_Work instruction_
Once you find the line that contains "Western Blot - Anti-XPD", write out that line and every line after it to the end of the records, exactly and with nothing else.

_The data_

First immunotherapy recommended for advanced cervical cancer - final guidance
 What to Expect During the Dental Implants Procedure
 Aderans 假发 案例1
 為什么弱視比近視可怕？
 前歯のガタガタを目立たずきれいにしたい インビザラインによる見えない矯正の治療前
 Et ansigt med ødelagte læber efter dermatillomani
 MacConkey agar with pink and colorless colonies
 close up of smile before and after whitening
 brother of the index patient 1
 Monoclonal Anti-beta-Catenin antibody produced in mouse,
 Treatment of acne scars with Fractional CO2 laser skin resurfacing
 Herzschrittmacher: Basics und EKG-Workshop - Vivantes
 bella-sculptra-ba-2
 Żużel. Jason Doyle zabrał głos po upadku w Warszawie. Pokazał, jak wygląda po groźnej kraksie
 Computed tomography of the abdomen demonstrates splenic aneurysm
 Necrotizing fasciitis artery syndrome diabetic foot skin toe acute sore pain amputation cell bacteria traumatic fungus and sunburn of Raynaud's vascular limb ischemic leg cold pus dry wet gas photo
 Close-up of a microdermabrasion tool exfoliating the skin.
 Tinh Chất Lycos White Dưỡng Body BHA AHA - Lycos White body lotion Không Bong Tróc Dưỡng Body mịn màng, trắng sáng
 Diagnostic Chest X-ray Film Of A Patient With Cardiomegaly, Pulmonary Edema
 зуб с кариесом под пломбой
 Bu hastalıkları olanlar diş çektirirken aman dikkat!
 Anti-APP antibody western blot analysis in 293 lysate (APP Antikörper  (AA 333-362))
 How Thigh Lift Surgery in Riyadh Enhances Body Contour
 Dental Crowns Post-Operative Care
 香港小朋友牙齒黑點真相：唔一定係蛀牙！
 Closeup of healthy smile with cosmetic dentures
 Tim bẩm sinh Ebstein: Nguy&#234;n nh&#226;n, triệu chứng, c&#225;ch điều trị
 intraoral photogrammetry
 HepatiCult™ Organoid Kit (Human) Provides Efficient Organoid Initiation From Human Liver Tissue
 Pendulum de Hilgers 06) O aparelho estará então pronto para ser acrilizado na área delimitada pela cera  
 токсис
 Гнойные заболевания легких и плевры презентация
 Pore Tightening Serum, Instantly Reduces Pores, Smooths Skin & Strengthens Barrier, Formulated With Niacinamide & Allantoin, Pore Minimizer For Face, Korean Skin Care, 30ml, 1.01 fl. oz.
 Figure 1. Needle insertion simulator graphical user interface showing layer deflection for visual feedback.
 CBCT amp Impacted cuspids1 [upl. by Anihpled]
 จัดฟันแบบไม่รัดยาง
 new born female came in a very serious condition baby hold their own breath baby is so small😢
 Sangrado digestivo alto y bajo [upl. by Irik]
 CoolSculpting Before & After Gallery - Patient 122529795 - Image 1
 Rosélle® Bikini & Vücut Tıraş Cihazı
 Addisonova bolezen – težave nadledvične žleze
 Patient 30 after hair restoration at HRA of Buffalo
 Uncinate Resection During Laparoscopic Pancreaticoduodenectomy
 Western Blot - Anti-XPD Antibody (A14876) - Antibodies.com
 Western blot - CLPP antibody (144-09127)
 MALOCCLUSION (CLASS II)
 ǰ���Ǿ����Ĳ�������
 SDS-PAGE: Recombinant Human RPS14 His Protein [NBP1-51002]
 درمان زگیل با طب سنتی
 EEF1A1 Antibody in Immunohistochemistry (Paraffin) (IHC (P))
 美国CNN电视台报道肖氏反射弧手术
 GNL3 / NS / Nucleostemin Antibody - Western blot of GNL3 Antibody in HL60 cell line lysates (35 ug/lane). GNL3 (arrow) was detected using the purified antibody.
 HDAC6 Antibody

_Written solution_
 Western Blot - Anti-XPD Antibody (A14876) - Antibodies.com
 Western blot - CLPP antibody (144-09127)
 MALOCCLUSION (CLASS II)
 ǰ���Ǿ����Ĳ�������
 SDS-PAGE: Recombinant Human RPS14 His Protein [NBP1-51002]
 درمان زگیل با طب سنتی
 EEF1A1 Antibody in Immunohistochemistry (Paraffin) (IHC (P))
 美国CNN电视台报道肖氏反射弧手术
 GNL3 / NS / Nucleostemin Antibody - Western blot of GNL3 Antibody in HL60 cell line lysates (35 ug/lane). GNL3 (arrow) was detected using the purified antibody.
 HDAC6 Antibody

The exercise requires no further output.